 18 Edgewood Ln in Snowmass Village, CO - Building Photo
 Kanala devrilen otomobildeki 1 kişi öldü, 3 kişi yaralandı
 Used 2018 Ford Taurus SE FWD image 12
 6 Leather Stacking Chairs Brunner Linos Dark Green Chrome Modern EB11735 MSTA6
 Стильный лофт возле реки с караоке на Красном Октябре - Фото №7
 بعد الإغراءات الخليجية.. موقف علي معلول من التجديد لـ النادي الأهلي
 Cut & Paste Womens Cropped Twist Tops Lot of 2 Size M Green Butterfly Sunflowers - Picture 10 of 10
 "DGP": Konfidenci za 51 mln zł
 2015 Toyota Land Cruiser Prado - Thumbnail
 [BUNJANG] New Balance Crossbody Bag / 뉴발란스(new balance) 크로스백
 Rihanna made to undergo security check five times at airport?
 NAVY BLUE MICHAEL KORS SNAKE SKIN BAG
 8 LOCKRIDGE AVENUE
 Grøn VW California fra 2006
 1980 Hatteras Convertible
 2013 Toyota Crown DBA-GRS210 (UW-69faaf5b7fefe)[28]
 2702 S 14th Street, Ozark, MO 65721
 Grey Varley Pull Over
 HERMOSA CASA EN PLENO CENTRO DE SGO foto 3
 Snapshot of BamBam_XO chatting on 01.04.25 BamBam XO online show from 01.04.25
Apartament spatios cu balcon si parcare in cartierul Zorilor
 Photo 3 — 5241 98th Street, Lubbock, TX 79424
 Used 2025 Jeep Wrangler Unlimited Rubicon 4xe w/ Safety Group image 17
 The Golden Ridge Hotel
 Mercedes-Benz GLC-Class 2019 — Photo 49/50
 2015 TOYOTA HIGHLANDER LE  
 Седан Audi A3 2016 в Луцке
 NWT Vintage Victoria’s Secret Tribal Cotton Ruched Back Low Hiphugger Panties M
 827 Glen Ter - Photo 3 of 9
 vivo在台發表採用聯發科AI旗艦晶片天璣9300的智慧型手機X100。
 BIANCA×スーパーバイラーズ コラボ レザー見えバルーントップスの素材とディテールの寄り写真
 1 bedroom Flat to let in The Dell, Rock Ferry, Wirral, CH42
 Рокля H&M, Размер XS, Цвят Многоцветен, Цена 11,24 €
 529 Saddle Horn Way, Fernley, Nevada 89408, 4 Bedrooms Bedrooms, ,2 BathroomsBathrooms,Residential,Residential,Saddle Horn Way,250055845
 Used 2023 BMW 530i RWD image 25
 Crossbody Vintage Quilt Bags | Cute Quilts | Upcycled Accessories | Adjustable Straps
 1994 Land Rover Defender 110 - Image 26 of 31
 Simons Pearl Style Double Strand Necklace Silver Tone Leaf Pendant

» About this task:
Please repeat word for word the lines above that run from the beginning through the line containing "Стильный лофт возле", keeping both the first and that last line.

» Written answer:
 18 Edgewood Ln in Snowmass Village, CO - Building Photo
 Kanala devrilen otomobildeki 1 kişi öldü, 3 kişi yaralandı
 Used 2018 Ford Taurus SE FWD image 12
 6 Leather Stacking Chairs Brunner Linos Dark Green Chrome Modern EB11735 MSTA6
 Стильный лофт возле реки с караоке на Красном Октябре - Фото №7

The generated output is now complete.